В-третьих же, давно уже стало необходимым расширение обычного историко-литературного поля зрения по крайней мере в двух направлениях: географическом и историческом.

Одно – это включение переводной литературы. О ней обычно по необходимости упоминают, говоря о русском средневековье, а потом забывают. А она питала читателей всех эпох, выгодно и невыгодно оттеняла каждый шаг оригинальной литературы, служила связующим фильтром между русской и мировой литературой. В ней тоже были узкий пласт элитарной литературы и широкий – массовой, и как они взаимодействовали даже на свежей памяти во время переводного половодья 1920‐х и 1990‐х годов, никто еще не рассматривал.
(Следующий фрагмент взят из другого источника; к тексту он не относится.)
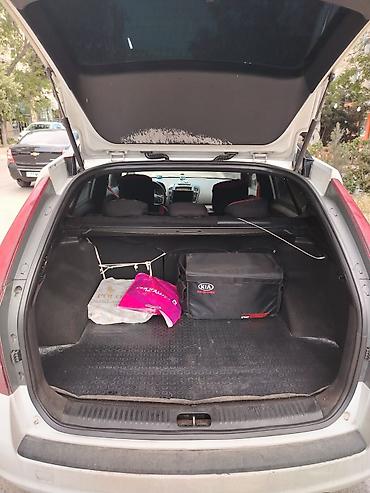 kia ceed 2007: Kia cee’d SW (universal) – dizel CRDi Xüsusiyyətlər: - Kuzov — 5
Второе же и самое важное – это включение литературы предыдущих эпох. Разделы про писательские Nachleben, «Пушкин в веках», традиционно присутствуют в истории литературы, но обычно как довески к главам о Пушкине, а они должны быть довесками к главам о веках. То, что думали о Пушкине при Писареве, при Гершензоне, при Сталине и при нас с вами, очень мало говорит о Пушкине и очень много об этих наших эпохах, там и место для такого разговора. Соответственно, то, что думаем о Пушкине мы, встанет в один ряд не с Пушкиным, а с Писаревым и не будет притворяться абсолютной истиной. А тот Пушкин, который будет описываться в разделе про 1799–1837 годы и который далек от нас, как Эсхил, меньше будет залапан нашими с ним эгоцентрическими диалогами. Я понимаю, что полностью отстраниться от своего предмета никакой ученый не может, но стремиться к этому он обязан, если он ученый. И конечно, речь идет не только об отдельных фигурах, таких как Пушкин: вся русская литература XIX века для 1910‐х, 1930‐х, 1950‐х и 2000‐х годов состоит из очень разных имен и ценностей и в таком виде является частью литературного мира этих лет.

Это тоже очень трудные задачи, но мне кажется, что мы готовы к ним все-таки больше, чем к описанию истории поэтики.

Конечно, есть и обратная связь. История литературы, которую мы или кто-то другой напишет по высказываемым в этой дискуссии идеям, сразу выявит много новых пробелов в наших знаниях и даст толчок, чтобы их заполнить. Но ведь о многих старых пробелах мы и так знаем, а почему-то не спешим их заполнять.